So over the past week I've been scratching my head over SAT (Separating Axis Theorem). I know how it works, but can't seem to get the C# code right. There's always one face or edge that's letting my player through an obstacle.
So I wanted to know if maybe I'm taking the hard way around, and I don't need SAT for what I want to achieve.
My Game Involves:
- 3D Cubes which will sometimes be on an angle (not a multiple of 90)

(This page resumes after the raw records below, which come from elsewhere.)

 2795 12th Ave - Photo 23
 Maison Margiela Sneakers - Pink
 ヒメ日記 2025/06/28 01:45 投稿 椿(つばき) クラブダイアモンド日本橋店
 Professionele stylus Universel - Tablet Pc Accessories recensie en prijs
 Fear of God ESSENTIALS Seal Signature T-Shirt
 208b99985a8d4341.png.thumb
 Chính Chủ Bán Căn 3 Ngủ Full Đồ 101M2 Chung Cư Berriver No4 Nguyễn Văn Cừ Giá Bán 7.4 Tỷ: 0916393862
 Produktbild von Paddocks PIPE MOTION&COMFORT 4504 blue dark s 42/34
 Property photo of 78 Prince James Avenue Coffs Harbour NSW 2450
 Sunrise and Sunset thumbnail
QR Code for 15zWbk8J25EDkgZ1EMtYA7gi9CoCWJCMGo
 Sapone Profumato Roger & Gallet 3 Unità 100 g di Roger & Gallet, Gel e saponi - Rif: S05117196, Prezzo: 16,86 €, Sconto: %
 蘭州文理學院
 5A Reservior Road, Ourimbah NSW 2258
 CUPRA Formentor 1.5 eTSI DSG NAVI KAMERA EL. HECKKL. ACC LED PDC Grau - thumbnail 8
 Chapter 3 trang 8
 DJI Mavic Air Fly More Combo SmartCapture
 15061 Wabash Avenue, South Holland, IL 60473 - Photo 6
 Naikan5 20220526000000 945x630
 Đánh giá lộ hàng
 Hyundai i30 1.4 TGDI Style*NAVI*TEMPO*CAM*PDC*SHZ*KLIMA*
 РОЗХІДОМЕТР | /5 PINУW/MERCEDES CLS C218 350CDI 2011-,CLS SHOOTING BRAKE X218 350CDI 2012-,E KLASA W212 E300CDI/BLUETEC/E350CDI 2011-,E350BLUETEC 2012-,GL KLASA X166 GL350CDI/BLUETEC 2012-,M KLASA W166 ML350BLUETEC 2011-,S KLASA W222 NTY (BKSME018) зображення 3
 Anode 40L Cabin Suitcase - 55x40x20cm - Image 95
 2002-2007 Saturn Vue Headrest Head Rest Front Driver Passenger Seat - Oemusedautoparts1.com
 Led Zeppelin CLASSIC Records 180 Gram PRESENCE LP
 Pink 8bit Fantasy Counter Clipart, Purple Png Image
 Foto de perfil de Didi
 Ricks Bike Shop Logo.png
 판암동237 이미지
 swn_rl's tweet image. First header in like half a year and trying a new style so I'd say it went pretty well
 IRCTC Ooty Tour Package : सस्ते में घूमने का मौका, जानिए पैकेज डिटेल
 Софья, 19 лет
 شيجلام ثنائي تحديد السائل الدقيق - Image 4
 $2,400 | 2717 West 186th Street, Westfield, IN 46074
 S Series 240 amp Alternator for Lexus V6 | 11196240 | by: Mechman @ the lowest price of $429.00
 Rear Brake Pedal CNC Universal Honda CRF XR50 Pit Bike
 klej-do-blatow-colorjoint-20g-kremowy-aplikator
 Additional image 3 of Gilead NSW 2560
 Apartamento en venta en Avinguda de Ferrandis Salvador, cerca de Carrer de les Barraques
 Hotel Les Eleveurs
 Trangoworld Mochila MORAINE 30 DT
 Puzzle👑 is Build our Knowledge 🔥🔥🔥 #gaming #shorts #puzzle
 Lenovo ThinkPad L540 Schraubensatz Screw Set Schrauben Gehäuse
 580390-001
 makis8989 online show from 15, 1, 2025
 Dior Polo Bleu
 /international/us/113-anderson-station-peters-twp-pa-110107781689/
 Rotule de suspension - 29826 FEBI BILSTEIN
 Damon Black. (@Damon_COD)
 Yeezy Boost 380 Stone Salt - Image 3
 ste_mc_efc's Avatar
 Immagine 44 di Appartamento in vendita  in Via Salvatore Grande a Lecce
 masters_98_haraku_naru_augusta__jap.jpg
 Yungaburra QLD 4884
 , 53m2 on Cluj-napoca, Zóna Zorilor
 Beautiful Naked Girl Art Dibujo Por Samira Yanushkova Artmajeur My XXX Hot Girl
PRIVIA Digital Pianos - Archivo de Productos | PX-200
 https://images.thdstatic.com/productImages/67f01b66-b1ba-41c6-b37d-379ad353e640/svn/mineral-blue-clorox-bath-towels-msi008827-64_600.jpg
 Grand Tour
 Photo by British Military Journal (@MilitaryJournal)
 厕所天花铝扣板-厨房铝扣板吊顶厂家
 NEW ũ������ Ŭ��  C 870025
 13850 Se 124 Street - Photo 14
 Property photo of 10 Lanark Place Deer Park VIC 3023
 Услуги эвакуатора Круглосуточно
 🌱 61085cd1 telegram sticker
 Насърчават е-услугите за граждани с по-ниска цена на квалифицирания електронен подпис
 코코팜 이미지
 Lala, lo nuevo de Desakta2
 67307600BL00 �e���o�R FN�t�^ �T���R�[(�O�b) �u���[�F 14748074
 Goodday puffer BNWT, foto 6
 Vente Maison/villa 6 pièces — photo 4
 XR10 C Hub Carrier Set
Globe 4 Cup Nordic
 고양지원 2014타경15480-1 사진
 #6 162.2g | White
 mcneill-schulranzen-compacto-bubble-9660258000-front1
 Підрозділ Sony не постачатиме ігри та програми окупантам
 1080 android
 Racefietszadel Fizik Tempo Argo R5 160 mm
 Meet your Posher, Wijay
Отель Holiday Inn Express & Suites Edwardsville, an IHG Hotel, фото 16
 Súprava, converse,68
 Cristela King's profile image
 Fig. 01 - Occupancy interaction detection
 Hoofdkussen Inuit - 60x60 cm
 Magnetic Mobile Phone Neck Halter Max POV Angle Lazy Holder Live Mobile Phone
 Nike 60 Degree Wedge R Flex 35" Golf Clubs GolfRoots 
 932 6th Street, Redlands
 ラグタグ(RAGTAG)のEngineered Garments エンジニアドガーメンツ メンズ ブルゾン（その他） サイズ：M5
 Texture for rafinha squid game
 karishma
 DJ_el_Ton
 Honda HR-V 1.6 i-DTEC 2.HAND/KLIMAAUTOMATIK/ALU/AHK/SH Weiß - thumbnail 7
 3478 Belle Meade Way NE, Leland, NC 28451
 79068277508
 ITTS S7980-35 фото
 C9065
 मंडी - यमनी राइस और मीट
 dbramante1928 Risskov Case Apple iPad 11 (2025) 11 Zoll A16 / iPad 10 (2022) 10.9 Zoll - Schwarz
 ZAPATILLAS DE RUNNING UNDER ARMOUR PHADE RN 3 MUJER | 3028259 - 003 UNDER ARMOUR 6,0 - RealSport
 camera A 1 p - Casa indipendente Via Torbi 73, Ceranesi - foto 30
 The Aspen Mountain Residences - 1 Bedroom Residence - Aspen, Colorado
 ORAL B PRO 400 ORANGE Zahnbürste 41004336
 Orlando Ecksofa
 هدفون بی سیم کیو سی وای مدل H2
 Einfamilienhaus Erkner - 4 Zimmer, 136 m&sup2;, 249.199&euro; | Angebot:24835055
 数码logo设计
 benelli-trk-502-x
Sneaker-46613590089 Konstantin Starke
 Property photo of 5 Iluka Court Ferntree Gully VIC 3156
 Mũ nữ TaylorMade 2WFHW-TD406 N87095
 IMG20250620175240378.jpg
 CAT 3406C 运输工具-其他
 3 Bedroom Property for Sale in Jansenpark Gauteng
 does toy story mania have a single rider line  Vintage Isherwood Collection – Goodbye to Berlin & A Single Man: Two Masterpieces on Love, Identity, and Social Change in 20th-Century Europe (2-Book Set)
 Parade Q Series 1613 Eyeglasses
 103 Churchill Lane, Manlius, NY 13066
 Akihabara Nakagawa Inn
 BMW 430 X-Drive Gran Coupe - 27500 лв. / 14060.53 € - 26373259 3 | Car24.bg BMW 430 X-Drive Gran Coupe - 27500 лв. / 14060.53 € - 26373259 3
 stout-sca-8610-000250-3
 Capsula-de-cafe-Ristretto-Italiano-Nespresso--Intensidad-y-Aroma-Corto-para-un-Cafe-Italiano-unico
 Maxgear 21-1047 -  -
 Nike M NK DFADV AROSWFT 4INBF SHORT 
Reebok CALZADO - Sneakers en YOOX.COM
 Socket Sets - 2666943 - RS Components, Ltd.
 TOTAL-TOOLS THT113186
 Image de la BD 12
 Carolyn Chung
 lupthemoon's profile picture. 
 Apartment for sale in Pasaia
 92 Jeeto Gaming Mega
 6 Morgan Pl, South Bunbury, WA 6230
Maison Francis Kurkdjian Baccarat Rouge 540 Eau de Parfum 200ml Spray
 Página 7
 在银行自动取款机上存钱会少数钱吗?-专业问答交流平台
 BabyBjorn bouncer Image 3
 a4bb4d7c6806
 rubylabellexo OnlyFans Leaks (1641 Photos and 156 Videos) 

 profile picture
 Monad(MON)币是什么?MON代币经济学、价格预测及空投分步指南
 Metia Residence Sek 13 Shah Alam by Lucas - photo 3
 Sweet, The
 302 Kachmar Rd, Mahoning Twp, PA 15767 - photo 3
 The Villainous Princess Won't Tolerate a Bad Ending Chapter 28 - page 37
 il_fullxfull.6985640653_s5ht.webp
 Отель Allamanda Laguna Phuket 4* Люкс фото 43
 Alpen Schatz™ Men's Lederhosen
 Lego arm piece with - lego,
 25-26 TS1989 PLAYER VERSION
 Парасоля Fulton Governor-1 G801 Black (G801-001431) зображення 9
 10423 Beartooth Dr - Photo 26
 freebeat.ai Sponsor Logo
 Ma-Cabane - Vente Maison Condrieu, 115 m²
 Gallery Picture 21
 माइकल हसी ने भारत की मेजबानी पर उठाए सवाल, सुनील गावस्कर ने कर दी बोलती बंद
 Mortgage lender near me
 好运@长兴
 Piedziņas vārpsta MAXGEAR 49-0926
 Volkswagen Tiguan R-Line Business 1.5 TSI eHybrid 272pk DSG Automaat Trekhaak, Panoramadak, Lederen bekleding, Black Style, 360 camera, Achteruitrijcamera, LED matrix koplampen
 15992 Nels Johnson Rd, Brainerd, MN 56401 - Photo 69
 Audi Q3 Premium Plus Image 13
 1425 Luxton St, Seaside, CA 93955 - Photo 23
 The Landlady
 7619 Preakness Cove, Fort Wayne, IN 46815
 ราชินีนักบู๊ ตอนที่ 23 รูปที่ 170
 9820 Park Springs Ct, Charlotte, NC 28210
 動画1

- Not too many cubes (so I don't need my Collision Detection to be too inexpensive)
- OBB collisions
So what is the best option for me collision-wise? If SAT is my go to option, what would it look like in C#?
EDIT
My Sat code:
var n1 = (bb1.BCK_TOP_LFTCorner - bb1.BCK_BTM_LFTCorner).Normalized();
var n2 = (bb1.BCK_BTM_LFTCorner - bb1.BCK_BTM_RGTCorner).Normalized();
var n3 = (bb1.FRT_BTM_LFTCorner - bb1.BCK_BTM_LFTCorner).Normalized();
var n4 = (bb2.BCK_TOP_LFTCorner - bb2.BCK_BTM_LFTCorner).Normalized();
var n5 = (bb2.BCK_BTM_LFTCorner - bb2.BCK_BTM_RGTCorner).Normalized();
var n6 = (bb2.FRT_BTM_LFTCorner - bb2.BCK_BTM_LFTCorner).Normalized();
var norms = new List<Vector3>() {
new Vector3(-n1.X, n1.Y,n1.Z),
new Vector3(n2.X, -n2.Y,n2.Z),
new Vector3(n3.X, n3.Y,-n3.Z),
new Vector3(-n4.X, n4.Y,n4.Z),
new Vector3(n5.X, -n5.Y,n5.Z),
new Vector3(n6.X, n6.Y,-n6.Z),
};
norms = bb2.Normals;
float max1 = 0;
float min1 = 0;
float max2 = 0;
float min2 = 0;
for (int a = 0; a < norms.Count; ++a)
{
//Global.Min/Global.Max are simply Math.Min/Math.Max for an array of parameters
max1 = Global.Max(Vector3.Dot(bb1.Corners[0], norms[a]),
Vector3.Dot(bb1.Corners[1], norms[a]),
Vector3.Dot(bb1.Corners[2], norms[a]),
Vector3.Dot(bb1.Corners[3], norms[a]),
Vector3.Dot(bb1.Corners[4], norms[a]),
Vector3.Dot(bb1.Corners[5], norms[a]));
min1 = Global.Min(Vector3.Dot(bb1.Corners[0], norms[a]),
Vector3.Dot(bb1.Corners[1], norms[a]),
Vector3.Dot(bb1.Corners[2], norms[a]),
Vector3.Dot(bb1.Corners[3], norms[a]),
Vector3.Dot(bb1.Corners[4], norms[a]),
Vector3.Dot(bb1.Corners[5], norms[a]));
max2 = Global.Max(Vector3.Dot(bb2.Corners[0], norms[a]),
Vector3.Dot(bb2.Corners[1], norms[a]),
Vector3.Dot(bb2.Corners[2], norms[a]),
Vector3.Dot(bb2.Corners[3], norms[a]),
Vector3.Dot(bb2.Corners[4], norms[a]),
Vector3.Dot(bb2.Corners[5], norms[a]));
min2 = Global.Min(Vector3.Dot(bb2.Corners[0], norms[a]),
Vector3.Dot(bb2.Corners[1], norms[a]),
Vector3.Dot(bb2.Corners[2], norms[a]),
Vector3.Dot(bb2.Corners[3], norms[a]),
Vector3.Dot(bb2.Corners[4], norms[a]),
Vector3.Dot(bb2.Corners[5], norms[a]));
}
if (max1 < min2)
return Vector3.Zero;
// Get nearest face normal to player so that we can add it to player's velocity.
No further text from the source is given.